I’m watching a flat screen television, and on the flat screen television is another flat screen television that shows an image of all the states. Some states are blue, some states are red, but all states are peppered with little dots that denote locations of Denny’s. Next to the flat screen—the one on TV, not the one in my living room—stands a news reporter.
He touches one of the states, and the screen zooms in so that the state fills the screen and now all that state’s counties can be seen, some colored blue, and some colored red. He touches one of the counties and the screen zooms in yet again so that houses can be seen, some blue and some red. He touches one of the houses and now the rooms of the house fill the screen, some blue and some red.
He touches one of the rooms, and the room grows large so that now two people in the room can be seen. One person is blue, the other red. Then he touches one of the people, and now we can see inside the person’s brain. Some of the brain cells are blue, and some of them are red. Most of them are green.
A second news reporter comes over and tries to touch the screen. The first reporter slaps the hand away.
“Only I can touch the magic screen!” the first reporter says, and the awkward moment that follows is mercifully interrupted by an exciting ritual. There are loud noises and fireworks, dancers and clowns, fire-eaters on stilts and acrobats, and above them all a graphic that reads “Projection!” It is announced that one of the states is projected to be painted in a certain color even though only 2% of the votes have been counted.
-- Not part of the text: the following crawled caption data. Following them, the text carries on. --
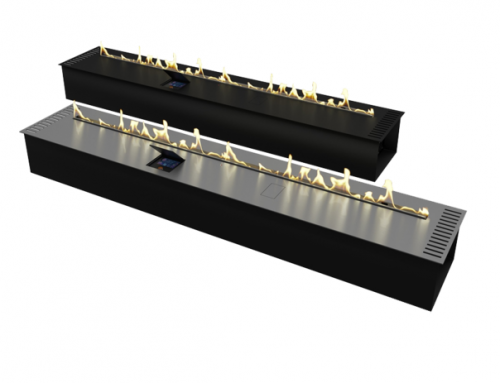 Автоматический биокамин ZeFire M 1600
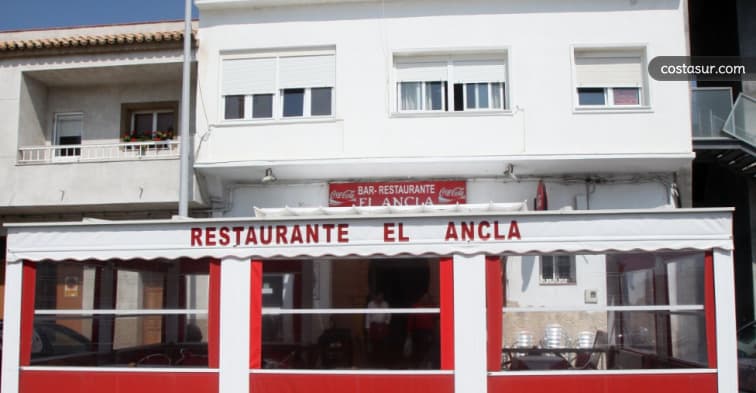 Restaurantes Restaurante El Ancla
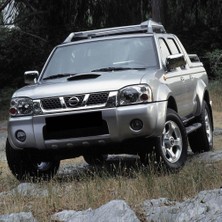 Silbak Nissan Navara D22 2001-2005 Ön Cam Silecek Takımı 48X48CM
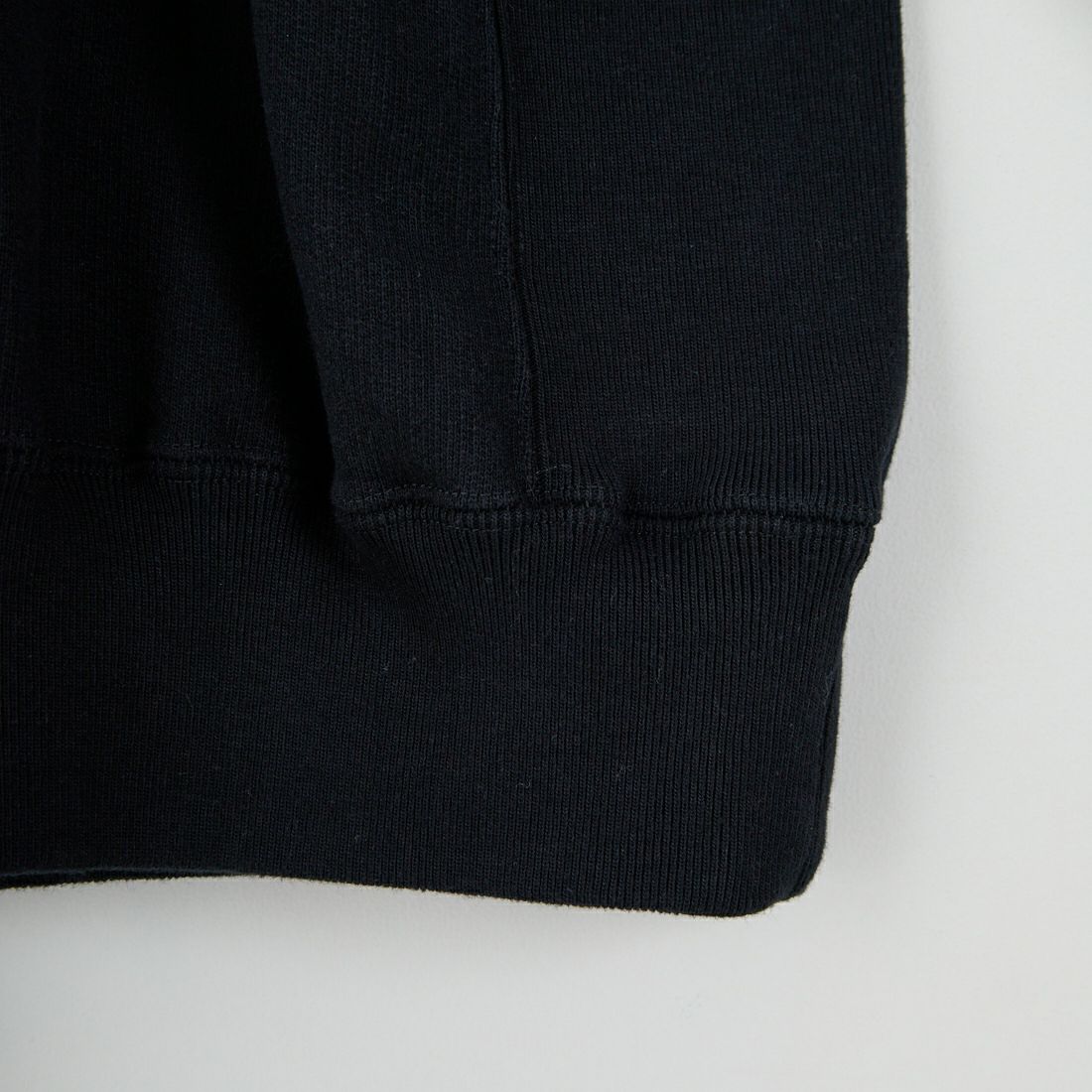 The Endless Summer [エンドレスサマー] 別注 手描き風BUHI バックプリントスウェット [FH-25774500-JF] BLACK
The channel goes back to the reporters. The first reporter toggles the screen between this election and the election of 1840, when there were fewer states and more log cabins. The second reporter has a black eye but tells us that we are now going to hear from a correspondent in one of the voting precincts.
The image shifts to a large cat with a poofy face. It has green eyes and white whiskers that radiate in perfect symmetry. Behind the cat are people trying to clear a paper jam from the vote-card reader.
The second reporter speaks to the cat. “Tell us, what are you seeing in terms of voter turnout?”
The cat licks one of its paws, and then rubs the paw over its face a few times in a circular motion. Then it looks back at the screen and blinks.
“Yes, that seems to be the story we’re hearing all over the nation tonight.”
My TV goes back to the first reporter with the magic screen. He is showing what the electoral situation might look like if Florida was rotated 90 degrees towards the Gulf of Mexico.
Then the image on my TV shifts to the headquarters of one of the candidates. From the sequence of percentages that flash at the bottom of the screen, I can tell, using a slide rule, that this candidate is about to have a lot of free time. But the people at the campaign headquarters still wave their arms and go “Whoooo” when they see themselves on the big screen.
I eat another piece of leftover Halloween candy. There is a small mound of wrappers next to the bowl.
We’re back to the first reporter with the magic screen again. The screen is frozen at the election of 2612, with water covering most of the coastal states, and their votes tallied by counting the bubbles that rise to the surface. The second reporter is trying to help by sticking a pen into the restart button at base of the magic screen, a terrifying treatment for the first reporter, who apparently forgot to save his work.